Into a faint opening, we as designers inserted a proposal to solve a resilience and access problem, imagining the fit of new space and utility in a tenuous battle between leap of faith and self-belief. It is not possible, though, to take something from nothing; the trade between land and sea is almost always inequitable, usually in this context in favour of land. In the back of mind are echoes of the past reclamation heyday with an elementary pragmatism that suited colonial utility, or at least its 20th century successor, a blind spot to the impact on the original inhabitants, the creatures and plants of the edge above and below the water and in the air.

There is huge cultural experience on the edge of Te Whanganui-a-Tara – and ‘huge’ as a word likely does not do justice to the lived experience of Taranaki Whānui ki Te Upoko o Te Ika (mana whenua or tribal authority over land). The origin story of the harbour and its Tupua creators is imbued with memories of phenomenal events. The detail of these events is well recorded in a cultural framework and worldview that explains the changes and experiences of the landscape in way that is together accurate and poetic – as I understand it from the outside. As tangata Tiriti (non-Māori), I could be well off beam. This is also true of the annual, monthly and daily phenomena associated with the ocean around Aotearoa, a rich field for designers and artists, but one that others with legitimate ownership of such knowledge are better positioned to share should they wish to.

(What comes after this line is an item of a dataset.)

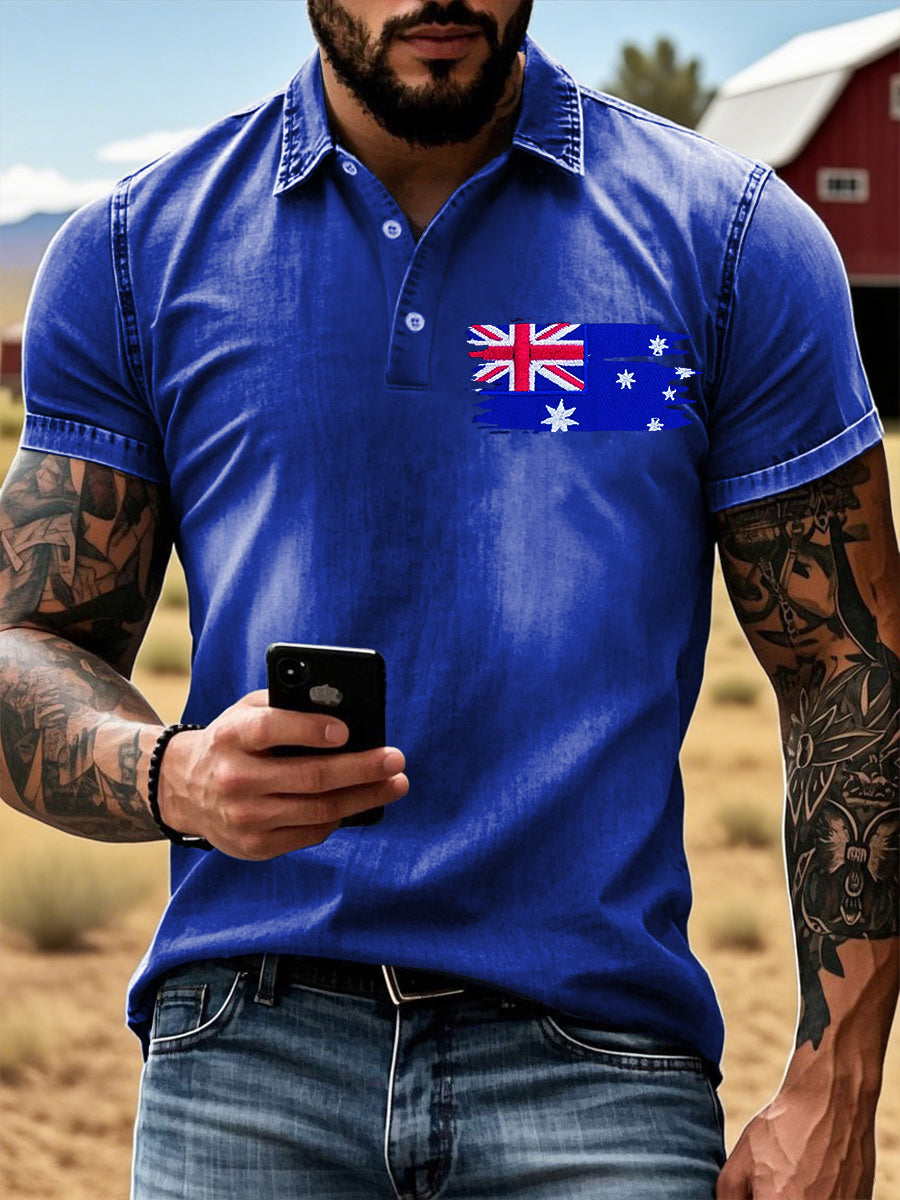 Vintage Australian Flag Badge Printed Casual Cotton Short Sleeve Polo Shirt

I enjoy working on the coastal edge; these are the landscapes of my youth but equally are not experiences unique to me as we have in many places – built suburbs on the edge. There is a dynamism in the coastal edge not found elsewhere; tide is a big contributor along with the variability of weather and light. Shifting qualities and the ever-present sense of potential.

The section Ngā Ūranga ki Pito-One, within the wider Te Ara Tupua project, runs along the top left (west) edge as indicated (sketch by author based on an earlier Isthmus figure, 2024).

The Ngā Ūranga ki Pito-One project that this discussion circulates around ‘reclaims’ a strip of land from the sea, a piece of seafloor not yet uplifted by tectonic activity. Its primary ambition is to protect land not yet submerged by sea-level rise, and infrastructure not yet destroyed by climate change supercharged storms.

The project was prompted by a weather event that in part washed out the commuter rail line. Such a synopsis, however, ignores the strip of life obliterated in the act of reclamation, and presupposes the replacement is of equal quality, in so far as it creates the ability to support life comparable with the former condition. though, to be fair, it is not all high-value seafloor, having been long exposed to sediment and other unwanted anthropogenic influences.

The reclamation also provides for public access via a dedicated path for active transport modes to improve accessibility and safety by providing an alternative to the road corridor. In an urban sense, the project is a game changer, catalysing safe journeys to and from the capital; worthy of consideration, as the granting of consent identifies.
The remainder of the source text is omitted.